Alexander Nwora

Erie Kats
- Title: Head coach
- League: NJCAA

Personal information
- Born: December 16, 1968 (age 57) Onitsha, Nigeria
- Nationality: Nigerian
- Listed height: 6 ft 4 in (1.93 m)

Career information
- College: Daemen (1989–1993)
- Playing career: 1989–1993
- Position: Small forward
- Number: 34

Career history

Coaching
- 1996–1999: Medaille College (assistant)
- 1999–present: ECC
- 2009–2013: Cape Verde
- 2017–2019: Nigeria

Career highlights
- As player: Daemen Athletics Hall of Fame (1993); As coach: 8× NJCAA Region III champion (2001, 2004, 2008, 2011, 2012, 2018, 2019, 2020); 6× NJCAA Coach of the Year (2001, 2008, 2010, 2018, 2019, 2020);

= Alexander Nwora =

American basketball coach

Alexander Nwora is a Nigerian basketball coach of Erie Community College. He formerly coached the Cape Verde men's national basketball team and Nigeria men's national basketball team.

==Early life==
Nwora was born in Onitsha, Nigeria.

He played at Daemen College under Richard Jacob and Don Silveri. Nwora later played for the International All-Stars, the touring opponents of the Harlem Globetrotters. He was inducted into the Daemen Athletics Hall of Fame in 1993.

== Coaching career ==

Nwora served as assistant coach under Richard Jacob at Medaille College, and replaced Reggie Witherspoon as Erie Community College head coach in 1999. He has captured eight NJCAA Region III championships while head coach of Erie Community College, and was named NJCAA Coach of the Year six times.

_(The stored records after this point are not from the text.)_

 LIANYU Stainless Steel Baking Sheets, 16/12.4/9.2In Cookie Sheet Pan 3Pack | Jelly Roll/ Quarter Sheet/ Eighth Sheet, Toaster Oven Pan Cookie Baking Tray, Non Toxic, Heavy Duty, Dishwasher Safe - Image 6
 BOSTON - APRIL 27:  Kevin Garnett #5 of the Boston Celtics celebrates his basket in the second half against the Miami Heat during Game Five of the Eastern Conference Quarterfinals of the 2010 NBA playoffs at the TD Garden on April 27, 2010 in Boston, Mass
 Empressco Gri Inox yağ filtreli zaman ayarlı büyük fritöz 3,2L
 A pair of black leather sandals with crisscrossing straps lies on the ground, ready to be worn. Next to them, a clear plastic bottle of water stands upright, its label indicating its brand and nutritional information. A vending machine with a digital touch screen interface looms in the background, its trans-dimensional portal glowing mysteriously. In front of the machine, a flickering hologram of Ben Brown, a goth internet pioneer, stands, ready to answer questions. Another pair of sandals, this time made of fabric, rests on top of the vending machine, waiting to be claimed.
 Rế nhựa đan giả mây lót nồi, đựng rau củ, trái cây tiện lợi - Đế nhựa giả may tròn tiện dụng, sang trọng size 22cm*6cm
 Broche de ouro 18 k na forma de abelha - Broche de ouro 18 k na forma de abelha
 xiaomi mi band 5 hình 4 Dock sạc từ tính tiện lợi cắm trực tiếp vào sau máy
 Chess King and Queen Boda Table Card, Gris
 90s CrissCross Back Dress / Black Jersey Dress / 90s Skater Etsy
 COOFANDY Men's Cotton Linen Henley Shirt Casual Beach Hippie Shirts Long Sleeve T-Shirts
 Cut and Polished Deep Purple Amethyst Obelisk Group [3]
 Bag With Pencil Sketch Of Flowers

He was head coach of the Cape Verde men's national basketball team from 2009 to 2013, and led the team to AfroBasket 2013.

Nwora was head coach of the Nigeria men's national basketball team from 2017 to 2019, and led them to a silver medal at FIBA AfroBasket 2017.

==Personal life==
He is married to Amy, a professor of occupational therapy. They have four children, with Jordan competing in the National Basketball Association.

During the 2019 FIBA Basketball World Cup qualifiers that took place in Lagos, Alexander and Jordan became the first Nigerian father and son to represent their national team at the same time.